Friday, October 15th, 2021 00:00 | By
Huduma namba. Photo/Courtesy

The High Court yesterday stopped the roll out of the Huduma card number saying it contravenes the Data Protection Act.

Justice Jairus Ngaah ruled that the State failed to ensure that the bill of rights including the right to privacy was respected and protected during the registration and processing of the cards.

“I hereby quash the decision of 18th November 2020 to roll out Huduma Cards for being ultra vires to Section 31 of the Data Protection Act, 2019,” he ruled.

The judge ordered the State to conduct a data protection impact assessment in accordance with Section 31 of the Data Protection Act before processing of data.

Section 31 of Data Protection Act 2019 states: “Where a processing operation is likely to result in high risk to the rights and freedoms of a data subject, by virtue of its nature, scope, context and purposes, a data controller or data processor shall, prior to the processing, carry out a data protection impact assessment.”

The suit was filed by Katiba Institute and former Constitutional Review Commission chairman Yash Pal Ghai.

The respondents included Cabinet Secretaries Joe Mucheru (ICT) and Fred Matiang’i (Interior) and the Attorney General.

Impact assessment

In the judgement, Justice Ngaah noted that the State had not appreciated the import and extent of the Data Protection Act with respect to the data collected under National Integrated Identity Management System (NIIMS).

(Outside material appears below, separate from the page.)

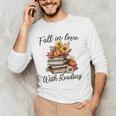 Fall In Love With Reading Book Autumn Teachers Pumpkins Men's Long Sleeve T-Shirt, novelty gifts, funny gifts Fall In Love With Reading Book Autumn Teachers Pumpkins Men's Long Sleeve T-Shirt, novelty gifts, funny gifts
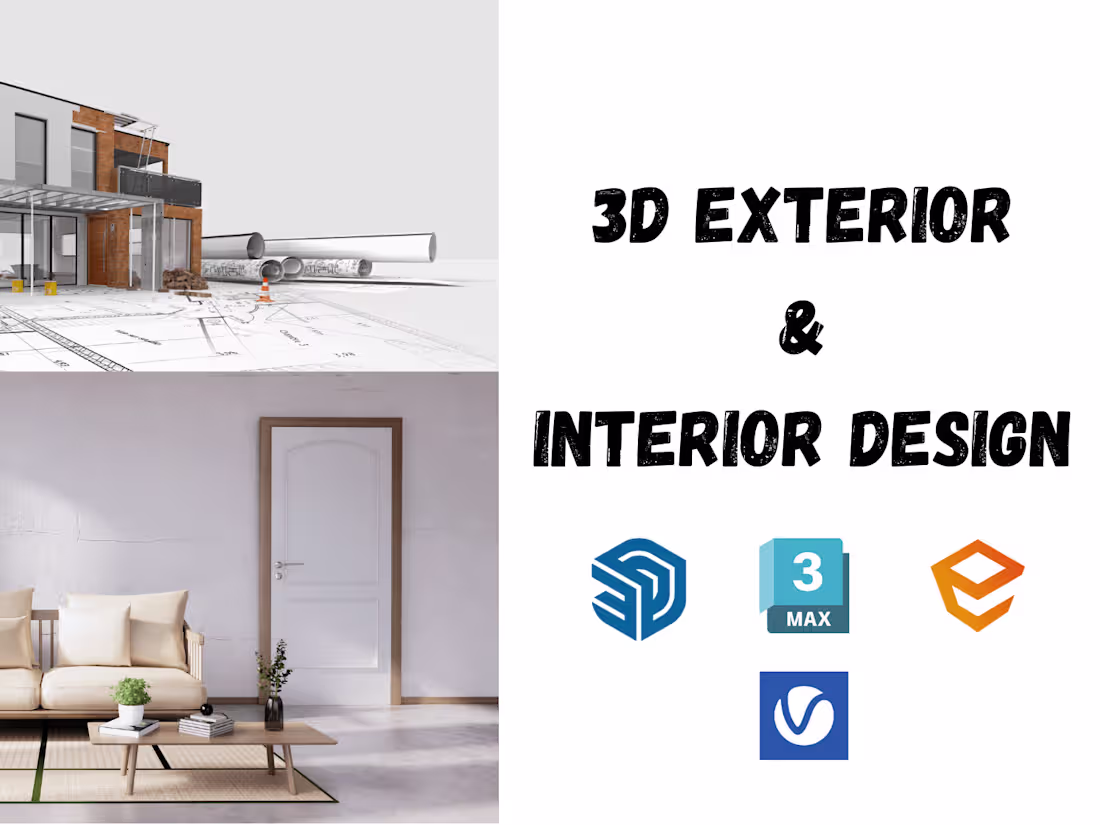 Cover image for Architectural 3D Exterior, Interior design and Rendering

“If they did, they would have given effect to Section 31 of the Data Protection Act and conducted a data impact assessment before processing personal data and rolling out the Huduma cards,” he said.

The Judge also noted that NIIMS, which the State used to collect the data relied on Section 9(a) of the Registration of Persons Act which in turn came about as a result of the Miscellaneous Amendment Act No 19 of 2018.

According to the Judge, the said Act no.19 of 2018 was nullified by a three judge bench  among other laws that were purportedly enacted by the National Assembly   without any involvement of the Senate. 

“It is the individual constitutional rights and basic rights that were under threat by exercise of the State in collecting and processing data without a legal framework to ensure that even as it embraces a new system of identification, the right to privacy is protected,” he said adding: “I will stand with the individual against the might of the State and hold that fairness is in interpretation of Section 31 as being retrospective in its application.

I am satisfied that the applicant has made out a case against the respondents,” he ruled.

In the suit, Katiba Institute through lawyer Dudley Ochiel, had argued that the roll-out of Huduma Namba cards lacked guarantees of theft or misuse of Kenyans’ personal information.

According to the lobby, the State failed to subject the fresh registration of Kenyans to Data Protection Impact Assessment — a requirement under the law.

“The respondent’s omission to conduct the data protection impact assessment in this case is not only ultra vires the Act, but also threatens the right to privacy under Article 31 of the Constitution,” they argued.

Right to privacy

It was their contention that the nature of the data collected is such that there exists a tangible risk that subjects may be discriminated against on various bases in contravention of Articles 10 and 27 of the Constitution.

The lobby also argued that the omission to conduct a data protection impact assessment and the decision to roll-out Huduma Namba Cards before and without the assessment constitutes a grave violation of the Right to Fair Administrative Action as enshrined in Article 47 of the Constitution and Section 4 of the Fair Administrative Action Act.

“Article 31 guarantees every person the right to privacy which includes the right not to have information relating to their family or private affairs unnecessarily required or revealed,” they argued.